| Required work |
From the first line to the last, restate every record word for word, leaving out the pictures.

**** Provided material ****

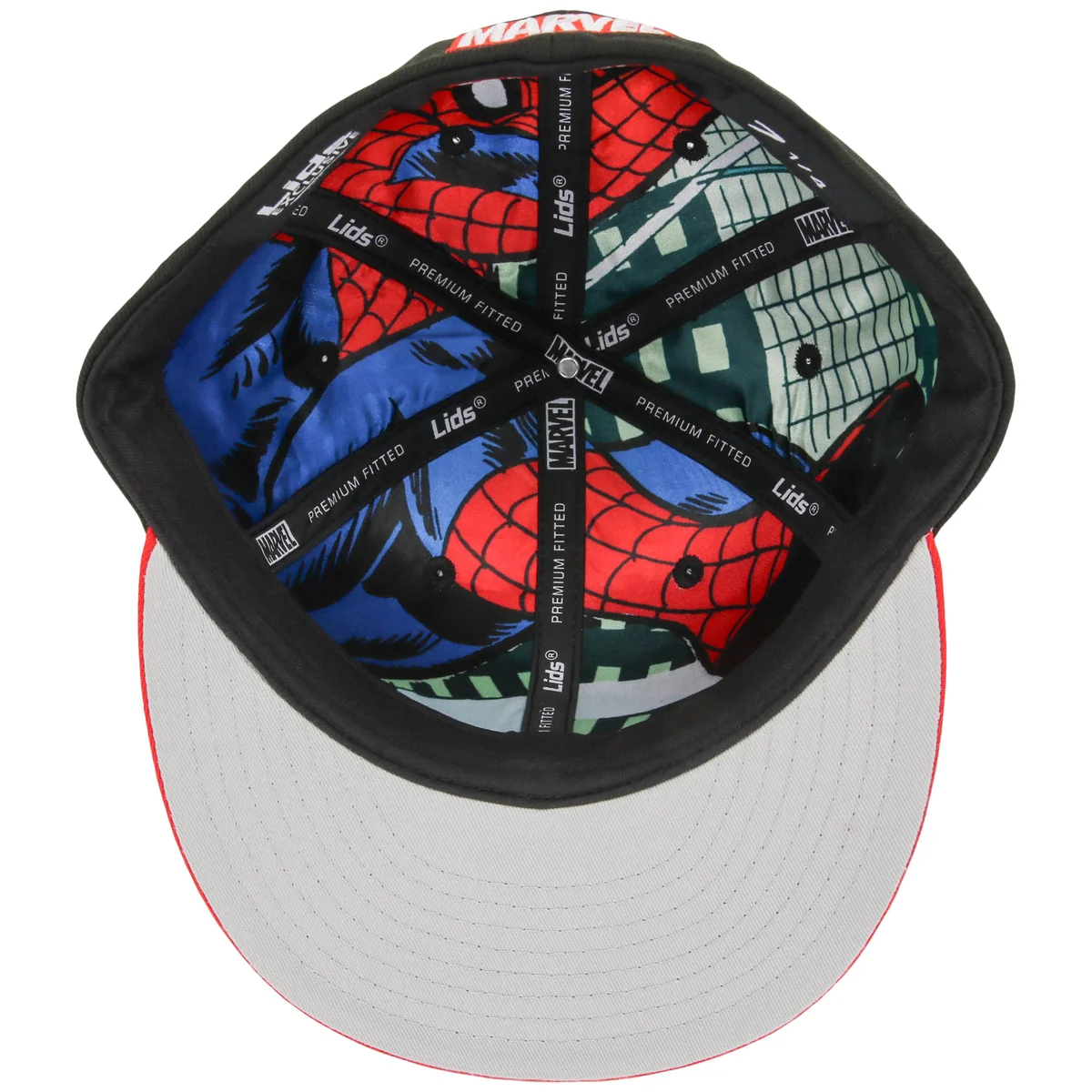 The Spider-Man Evolution Collection 1967 'Sensational Spidey Saga' (Black/Red) back view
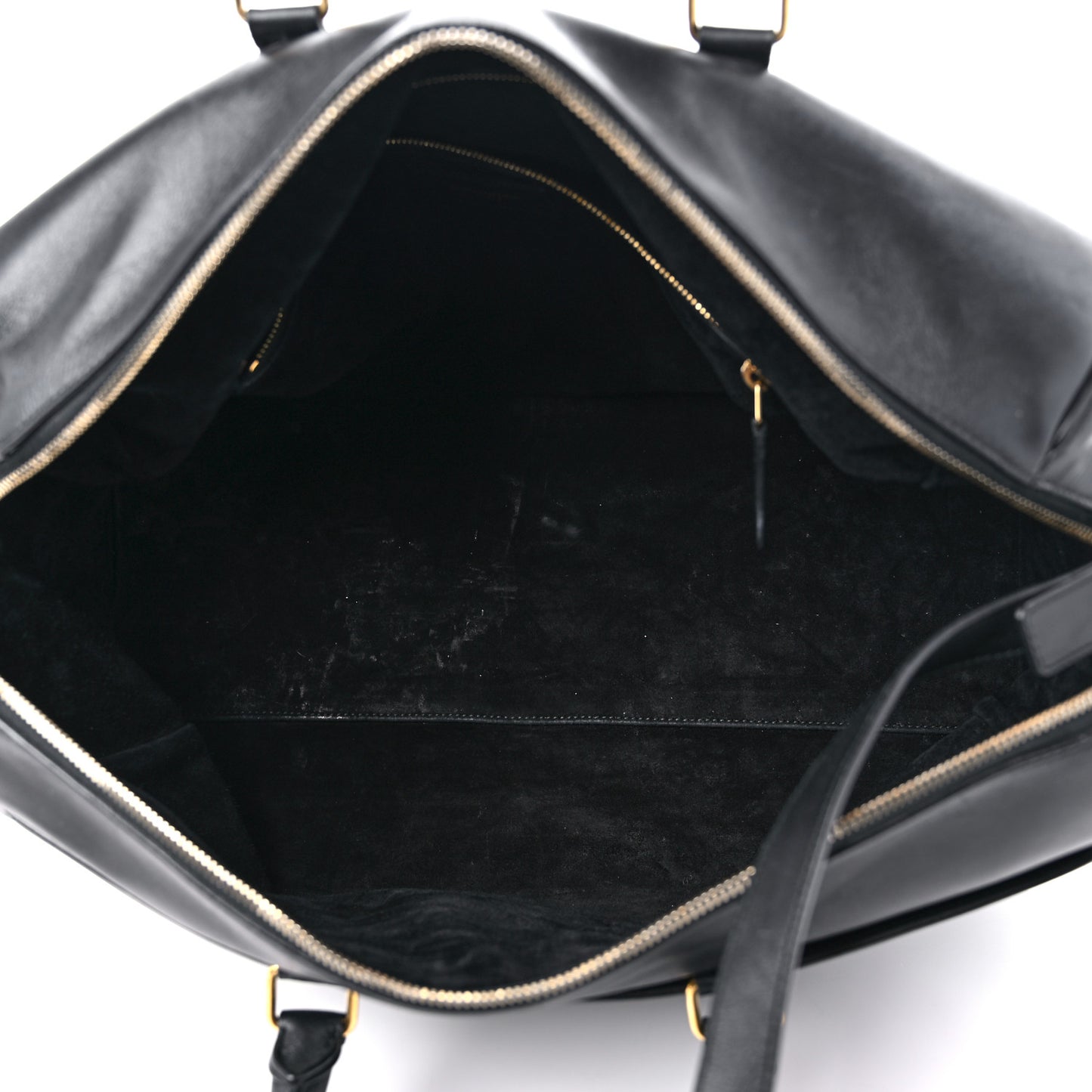 Calfskin Classic Duffle 12 Black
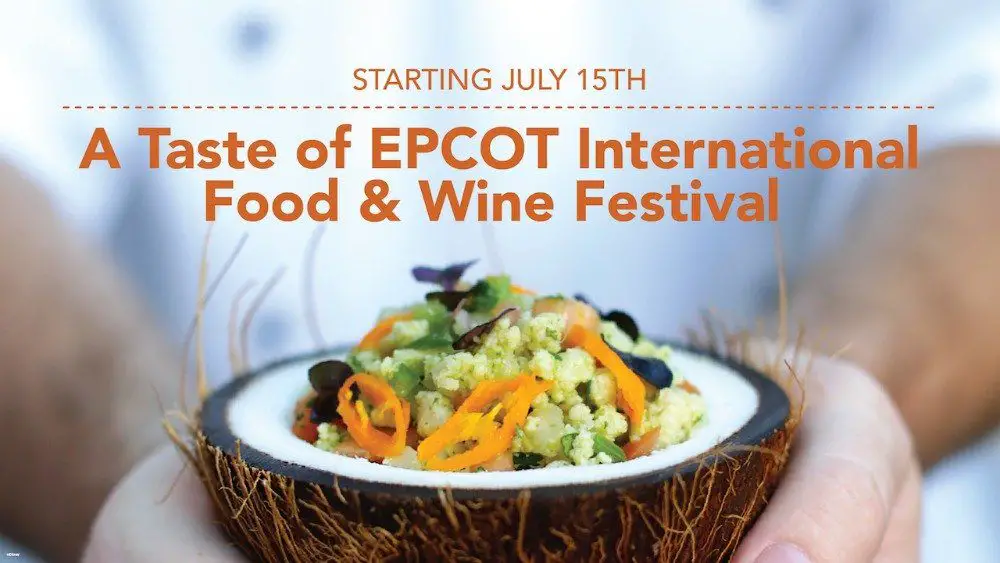 2020 Epcot International Food and Wine Festival Sneak Peek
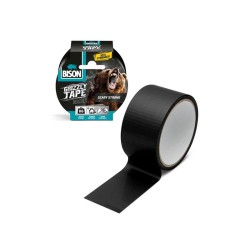 Páska lepiaca BISON Grizzly B14096 čierna 10m
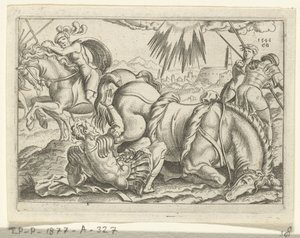 Omvendelse af Paulus The Life of Paul (serietitel) af Cornelis Bos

****

| Written reply |
 The Spider-Man Evolution Collection 1967 'Sensational Spidey Saga' (Black/Red) back view
 Calfskin Classic Duffle 12 Black
 2020 Epcot International Food and Wine Festival Sneak Peek
 Páska lepiaca BISON Grizzly B14096 čierna 10m
 Omvendelse af Paulus The Life of Paul (serietitel) af Cornelis Bos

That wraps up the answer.